La réputation sulfureuse du cyclisme, baigné dans les affaires de dopage depuis 1998, y est peut-être pour quelque chose… «La mauvaise réputation du vélo est faussement établie, coupe le coureur fribourgeois. Les autres sports de haut niveau ne sont pas meilleurs. C’est difficile de dire quel sport est le plus touché. Dès qu’il y a de l’argent… Pour moi, le dopage n’a jamais été un sujet tabou et j’ai la conscience tranquille. J’ai toujours fait confiance au système, même si je sais que les contrôles ont du retard sur certains produits. Mais les coureurs sont de grands garçons et connaissent les conséquences de leurs actes.»

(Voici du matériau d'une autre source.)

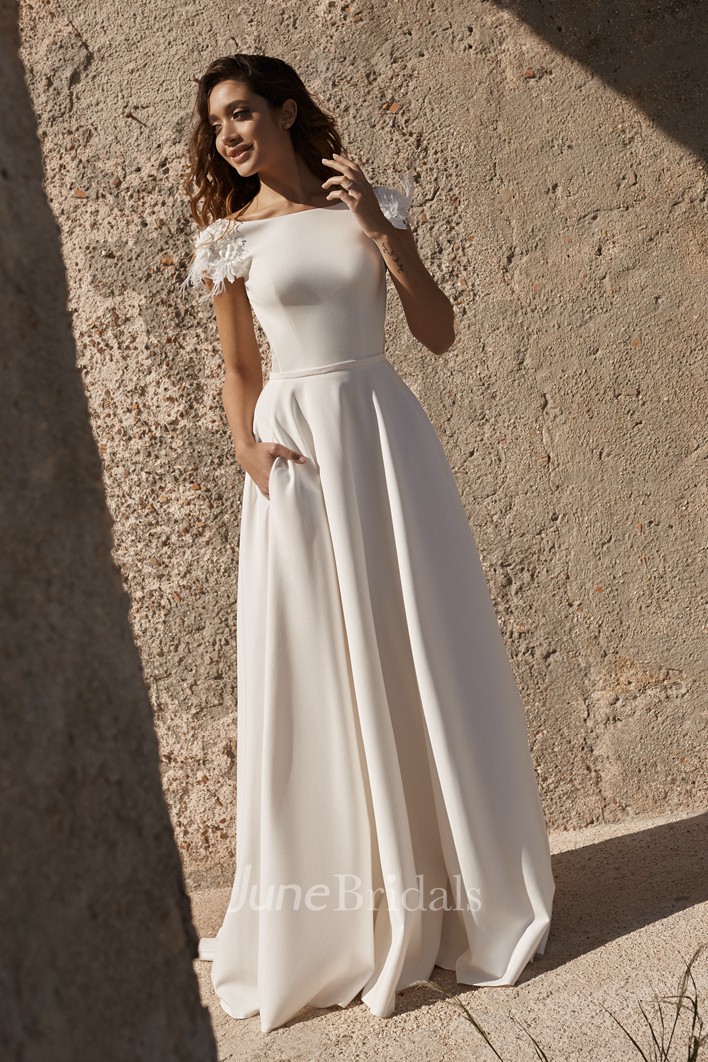 Short Sleeve Deep V-back Back Bateau Satin Wedding Dress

Certains, comme le Français Cédric Basson, ont tenté de s’élever contre le système, dénonçant un dopage généralisé. Exclus du peloton, ils sont en quelque sorte devenus des martyrs. Une attitude que réprouve le Gruérien: «Notre rôle n’est pas de jouer les justiciers, mais de faire notre travail le mieux possible. D’ailleurs, je ne crois pas du tout aux martyrs. S’ils ont été écartés des pelotons, c’est qu’ils l’ont bien voulu. De plus, ceux qui jouent les saintes nitouches ne sont pas forcément les plus honnêtes.»
Dans le cyclisme actuel, mis à part des coureurs d’exception comme Armstrong ou Ullrich, les cyclistes ont tendance à se spécialiser de plus en plus. Qu’en pense le jeune retraité? «J’ai l’impression que dans le cyclisme professionnel, mieux vaut être bon dans un domaine et gagner des courses, que polyvalent et ne gagner nulle part. Moi, je faisais partie des polyvalents. C’est un des aspects qui m’ont finalement désavantagé.»
A l’avenir, Christian Charrière tient à se fixer des objectifs dans d’autres domaines, se tourner vers d’autres buts. Le Fribourgeois va- t-il maintenir le contact avec le milieu? «Je me tiendrai au courant et je compte bien garder les amis que je me suis faits. En plus, je suis bien conscient d’avoir bénéficié de l’aide de nombreuses personnes pour arriver là ou je suis allé. Je trouve normal qu’un jour je m’investisse dans un club pour rendre la pareille.»